Um serviço cívico
António Rego Chaves
A expressão «serviço cívico» foi-se abastardando depois de 1975 – e é pena. Pena, sobretudo, que poucos se atribuam a missão de o praticar. Não é o caso das dezenas de autores deste breve «Dicionário das Crises e das Alternativas», posto à venda pela quase simbólica quantia de 3 (três) euros.
Boaventura Sousa Santos, um dos raros intelectuais cuja intervenção cívica podemos hoje saudar, prefacia: «Os investigadores do Centro de Estudos Sociais (CES) da Universidade de Coimbra prepararam este Dicionário a pensar nas cidadãs e cidadãos comuns que, num momento difícil da sociedade portuguesa, são todos os dias bombardeados com notícias cujo alcance nem sempre entendem, mas que sabem trazerem mais novidades para as suas vidas.
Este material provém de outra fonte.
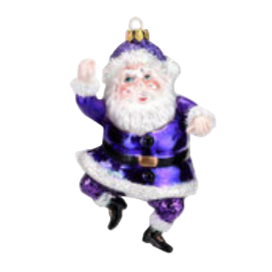 Bright Santa Ornament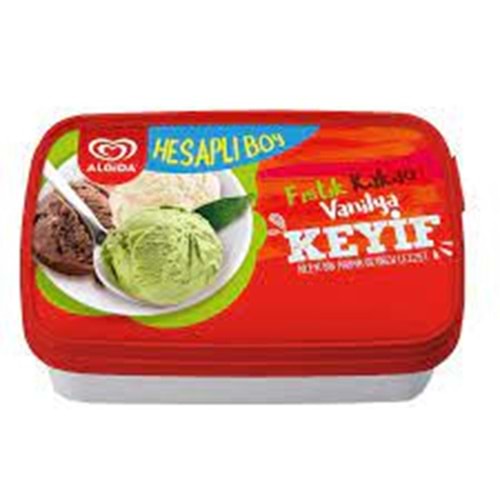 ALGİDA AİLE BOYU FISTIK KAKAO VANİLYA 1400 ML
As notícias vêm recheadas de palavras, conceitos, eventos, números, acrónimos que não são do conhecimento comum e que, noutra altura, seriam ignorados e tidos como falta de sensibilidade dos redactores ante leitores, ouvintes ou espectadores que têm mais que fazer do que estudar notícias ou perder tempo a estudar comentadores.»
Adianta a seguir, preto no branco: «Agora, porém, é diferente, uma vez que o que se noticia hoje pode transformar-se amanhã em perda de salário ou de pensão, em aumento do preço dos medicamentos ou dos transportes, em ter de tirar o filho das actividades extraescolares ou de cortar na alimentação. As notícias de hoje são o dia anterior de um quotidiano cada vez mais difícil, de uma vida familiar cada vez mais penosa, de horizontes e expectativas de vida cada vez mais incertos e até ameaçadores. As notícias são hoje a expressão da nossa impotência perante o futuro e, mesmo quando parecem tomar o nosso partido, suscitar a nossa revolta, apontar alternativas, fazem-no de um maneira pouco convincente ou pouco clara.»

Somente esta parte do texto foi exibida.